| WHAT TO WORK ON |
Everything in the listing except the pictures should be written out exactly.

| PROVIDED DATA |
•••••
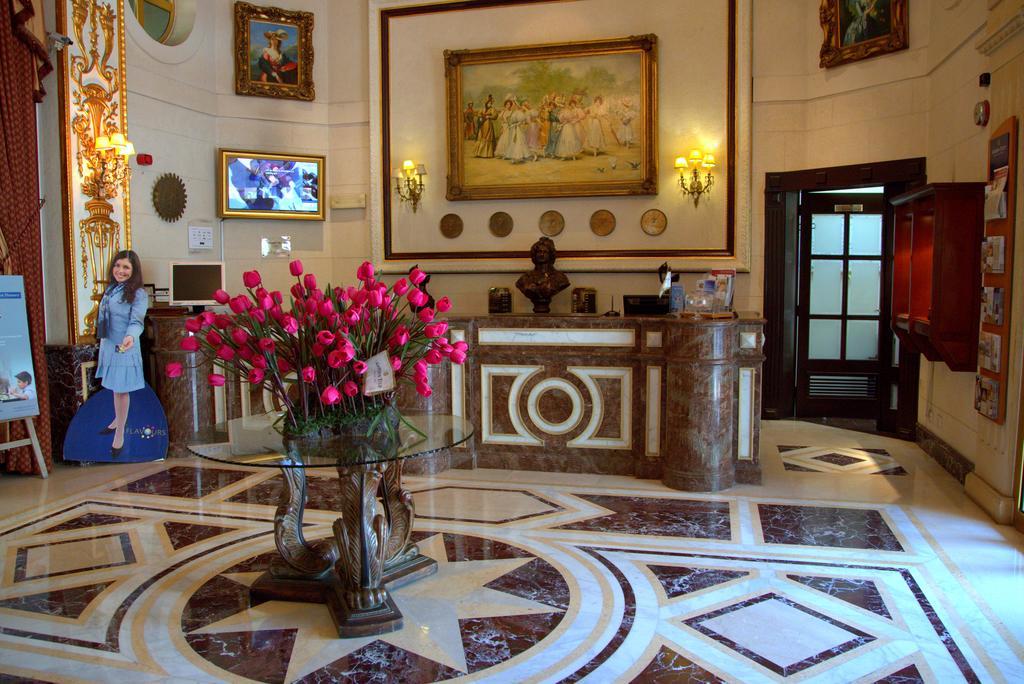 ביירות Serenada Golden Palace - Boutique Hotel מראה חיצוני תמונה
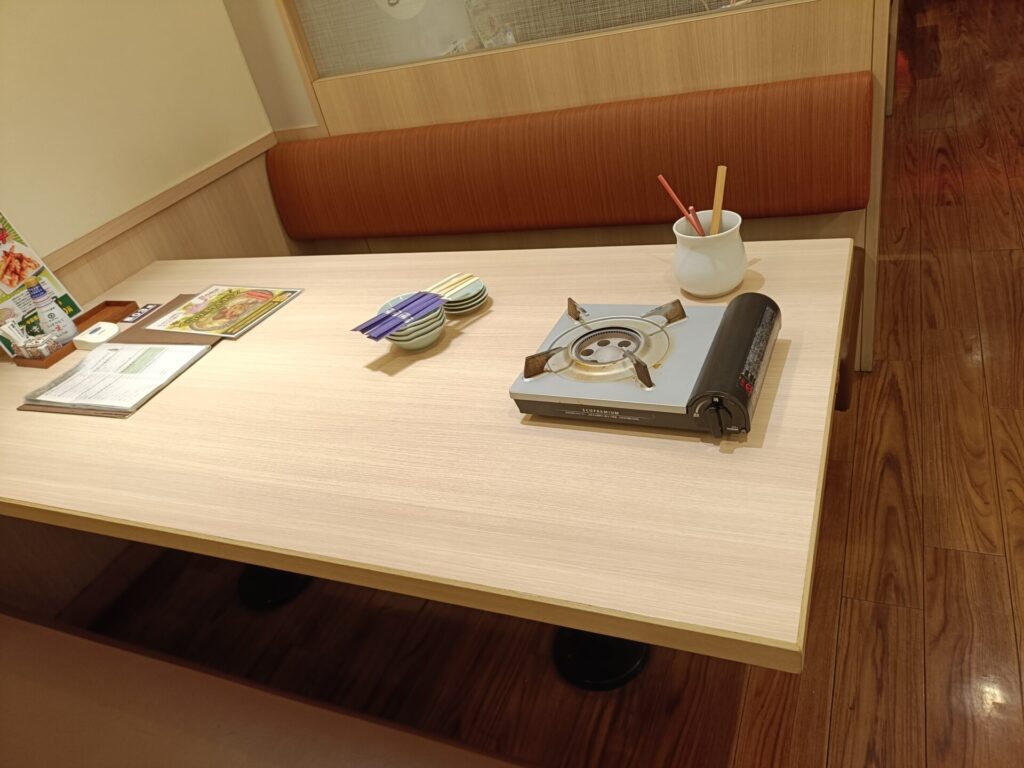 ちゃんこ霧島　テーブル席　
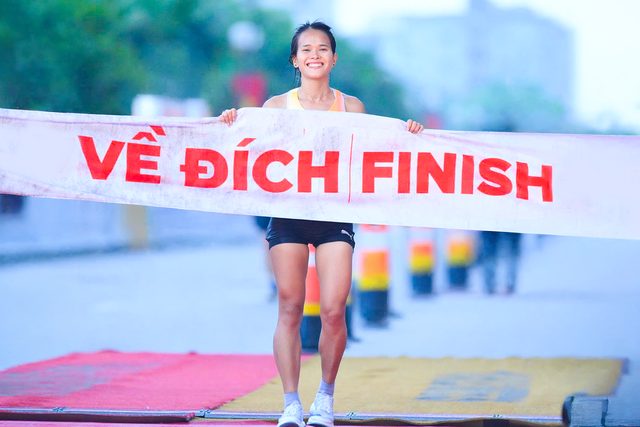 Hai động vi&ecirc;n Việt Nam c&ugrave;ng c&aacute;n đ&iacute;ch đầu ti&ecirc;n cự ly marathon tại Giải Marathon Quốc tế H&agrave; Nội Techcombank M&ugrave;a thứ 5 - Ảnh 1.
•••••
| TASK SOLUTION |
 ביירות Serenada Golden Palace - Boutique Hotel מראה חיצוני תמונה
 ちゃんこ霧島　テーブル席　
 Hai động vi&ecirc;n Việt Nam c&ugrave;ng c&aacute;n đ&iacute;ch đầu ti&ecirc;n cự ly marathon tại Giải Marathon Quốc tế H&agrave; Nội Techcombank M&ugrave;a thứ 5 - Ảnh 1.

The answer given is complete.